Ed. note: On February 10, 2011, Scott and Mary Flanders, on board their Nordhavn 46, Egret, arrived in the Canary Islands. In doing so, Egret became the eighth Nordhavn to circumnavigate the globe. It had been four years, five months since the couple departed Gran Canaria, intent on seeing as much of the earth as possible, although not necessarily with an end goal to circle the globe. Voyage of Egret documents the Flanders’ entire trip, an endless adventure that has put them in touch with the most fabulous places and interesting people. Much route planning and forecasting was required in order to get to some of their ports of call. But the days of detailed planning are over…for now. “Egret” is now back in Fort Lauderdale, the place the couple called home for so many years, and, ironically, the starting point of their world wide cruising escapade that began with the Nordhavn Atlantic Rally in 2004. They currently travel hither and yon, sometimes by boat, sometimes not. Here, the latest update from the Flanders as they keep us continually apprised.  

March 29, 2009
Position: S41 15.62 E173 16.86 Nelson Marina, D27, Nelson, South Island, New Zealand

Crikey dix mis amigos, the Egret crew is back home after our camping vacation. How do we even start explaining this trip? We could simply say we had a great time, weather was good and the scenery was beautiful. There was no wave bashing. The notorious west coast harbor bars were behaving and on both coasts the weather was benign. If your interests end here its OK. There is no boating knowledge to be gained in this VofE and laboring thru someone else's vacation may seem tedious. However, in the big picture there is something to be gained. Land touring in conjunction with sea travel is something we have always done since leaving the States 5 years ago. We have many great memories from land travel and the people we traveled with, the folks we met and what we saw. During our time in the Med we land traveled with different boat crews sharing the kilometers and adventures. We also land traveled in South America and here in New Zealand we really have put in the K's. If we ever return to Argentina and Chile the major thrust would be land travel. Of course another go at the Chilean Channels wouldn't be bad......and perhaps while reminiscing we could throw in South Georgia Island with intermediate stops in the Falklands coming and going. But that's another story for another time years from now.
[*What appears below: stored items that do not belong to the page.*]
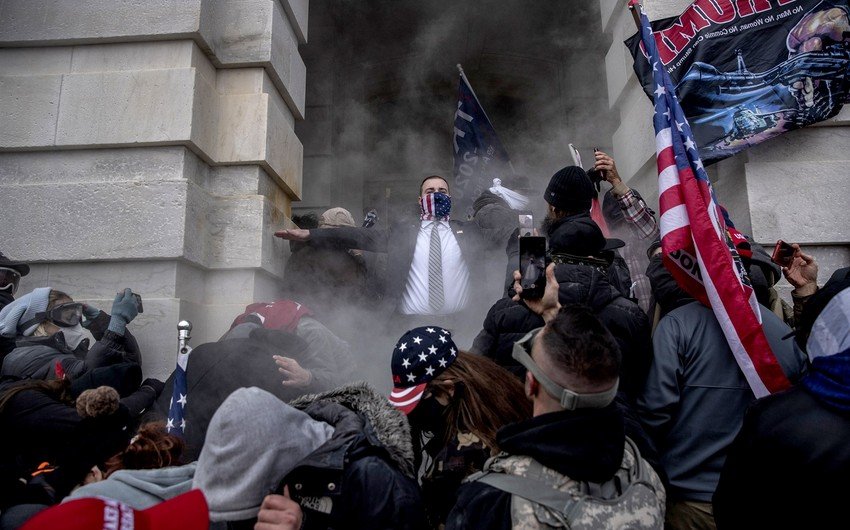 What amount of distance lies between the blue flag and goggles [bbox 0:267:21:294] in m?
3.67

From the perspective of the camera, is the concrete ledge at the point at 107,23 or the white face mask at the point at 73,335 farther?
the concrete ledge at the point at 107,23

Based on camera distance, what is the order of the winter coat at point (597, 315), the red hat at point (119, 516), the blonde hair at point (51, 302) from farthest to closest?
1. the blonde hair at point (51, 302)
2. the winter coat at point (597, 315)
3. the red hat at point (119, 516)

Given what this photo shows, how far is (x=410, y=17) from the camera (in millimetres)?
8281

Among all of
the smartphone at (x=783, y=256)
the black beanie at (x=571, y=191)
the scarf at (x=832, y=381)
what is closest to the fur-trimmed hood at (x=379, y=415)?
the scarf at (x=832, y=381)

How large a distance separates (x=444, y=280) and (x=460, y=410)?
6.41 feet

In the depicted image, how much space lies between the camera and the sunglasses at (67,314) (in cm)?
391

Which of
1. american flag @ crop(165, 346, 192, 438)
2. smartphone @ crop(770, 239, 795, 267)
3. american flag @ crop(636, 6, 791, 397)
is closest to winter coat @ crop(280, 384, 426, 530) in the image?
american flag @ crop(165, 346, 192, 438)

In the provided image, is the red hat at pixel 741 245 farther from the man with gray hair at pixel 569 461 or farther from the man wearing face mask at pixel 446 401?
the man with gray hair at pixel 569 461

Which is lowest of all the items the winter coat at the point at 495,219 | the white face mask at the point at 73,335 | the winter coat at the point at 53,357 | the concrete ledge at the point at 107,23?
the winter coat at the point at 53,357

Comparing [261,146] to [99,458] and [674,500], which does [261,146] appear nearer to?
[99,458]

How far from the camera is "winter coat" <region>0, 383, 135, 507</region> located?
273 centimetres

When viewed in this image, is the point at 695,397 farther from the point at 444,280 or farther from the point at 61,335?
the point at 61,335

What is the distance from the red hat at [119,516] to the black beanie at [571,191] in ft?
8.33

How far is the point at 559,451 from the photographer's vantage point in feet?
5.28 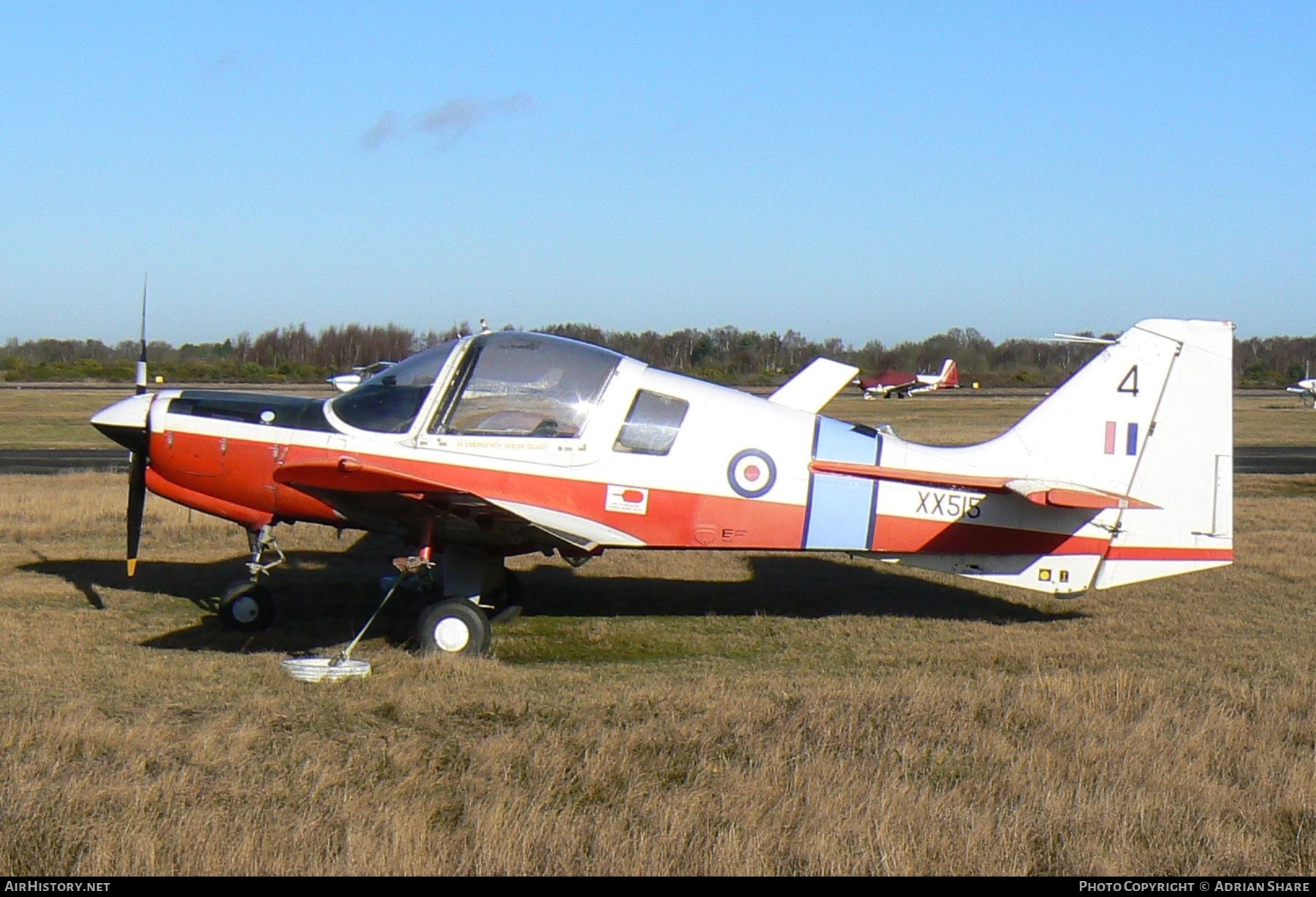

In a nutshell we started the trip by camping 3 days in nearby Cobb Valley and were joined for 2 days by the New Paige crew. It was quite an introduction to camping setting up the tent in wind gusts of over 40 knots, light rain and a bit of snow. Yes, we had ice on the tent one morning. Yes we had a great time and started learning the camping routine of setting up camp, cooking, what you need and don't and so on. We returned after the 3 days to Nelson for an overnight aboard Egret and to buy some fine tuning camping gear the next morning. Our route around South Island was: west coast as far north as Karamea and as far south as Jackson Head (by secondary roads* the last K's and just north of Fiordland) (as far north and south on the west coast as you can drive) *rather than repeat roads we traveled at every opportunity on secondary roads to get away from crowds (that never materialized).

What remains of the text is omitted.